When the _Cygnet_ tied up at Barnegat at noon to-day I was fit as a fiddle. Cap' Rickards rigged me out in his sh.o.r.e-going suit and lent me twenty dollars, as that pair of blackguards in the launch had robbed me of every cent. They even took a crooked sixpence I found in London twenty years ago, darn 'em! I phoned Helen, of course, but didn't realize what a hubbub my sad fate had created until I read a newspaper in the train. When I reached home poor Helen was so out of gear that she hadn't told a soul of my escape. I do believe she hardly accepted my own a.s.surance that I was still on the map. However, when I got her calmed down a bit, she remembered you and the rest of the excitement, so I phoned the detective bureau and the club, and came straight here."
"That is very good of you, Tower," murmured Meiklejohn brokenly. He looked in far worse plight than the man who had survived such a desperate adventure.
"Well, my dear chap, I was naturally anxious to see you, because--but perhaps you don't know that those scoundrels meant to attack you, not me?"
Meiklejohn smiled wanly. "Oh, yes," he said. "The police found that out by some means. I believe the authorities actually suspected me of being concerned in the affair."
Tower laughed boisterously. "That's the limit!" he roared. "Come with me to the club. We'll soon spoil that yarn. What a fuss the papers made!
I'm quite a celebrity."
"I'll follow you in half an hour. And, look here, Tower, this matter did really affect me. There was a woman in the case. I b.u.t.ted into an old feud merely as a friend. I think matters will now be settled amicably.
Allow me to make good your loss in every way. If you can persuade the police that the whole thing was a hoax--"
For the first time Tower looked non-plussed. He was enjoying the notoriety thrust on him so unexpectedly.
"Well, I can hardly do that," he said. "But if I can get them to drop further inquiries I'll do it, Meiklejohn, for your sake. Gee! Come to look at you, you must have had a bad time.... Well, good-by, old top!
See you later. Suppose we dine together? That will help dissipate this queer story as to you being mixed up in an attack on me. Now, I must be off and play ghost in the club smoking-room."
Meiklejohn heard his fluttering man-servant let Tower out. He tottered to a chair, and Ralph Voles came in noiselessly.
"Well, what about it?" chuckled the reprobate. "We seem to have struck it lucky."
"Go away!" snarled the Senator, goaded to a sudden rage by the other man's cynical humor. "I can stand no more to-day."
"Oh, take a pull at this!" And the decanter was pushed across the table.
"Didn't Dr. Johnson once say that claret is the liquor for boys, port for men, but he who aspires to be a hero should drink brandy? And you must be a hero to-night. Get onto the Bureau and use the soft pedal.

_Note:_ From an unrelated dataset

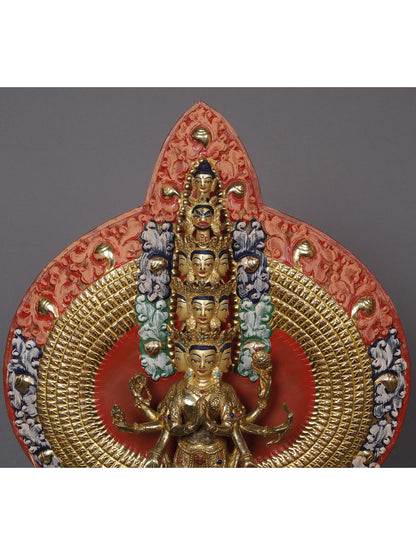 14" The Eight-Armed Shadakshari Lokesvara Is seated In Padmasana On The Lotus Pedestal | Copper Statue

Then beat it to the club. You and Tower ought to be well soused in an hour. He's a good sport, all right. I'll mail him that sixpence if it's still in my pants."
"Do nothing of the sort!" snapped Meiklejohn. "You're--"
"Ah, cut it out! Tower wants plenty to talk about. His crooked sixpence will fill many an eye, and the more he spiels the better it is for you.
Gee, but you're yellow for a two-hundred pounder! Now, listen! Make those cops drop all charges against Rachel. Then, in a week or less, I'll come along and fix things about the girl. She's the fly in the amber now. Mind she doesn't get out, or the howl about Mr. Ronald Tower's trip to Barnegat won't amount to a row of beans against the trouble pretty Winifred can give you. _Dios!_ It's a pity. She's a real beauty, and that's more than any one can say for you, Brother William."
"You go to--"
"That's better! You're reviving. Well, good-by, Senator! _Au revoir sans adieux!_"
The big man swaggered out. Meiklejohn drank no spirits. He needed a clear brain that evening. After deep self-communing he rang up police headquarters and inquired for Mr. Clancy.
"Mr. Clancy is out," he was told by some one with a strong, resonant voice. "Anything we can do, Senator?"
"About that poor woman, Rachel Craik--"
"Oh, she's all right! She gave us a farewell smile two hours ago."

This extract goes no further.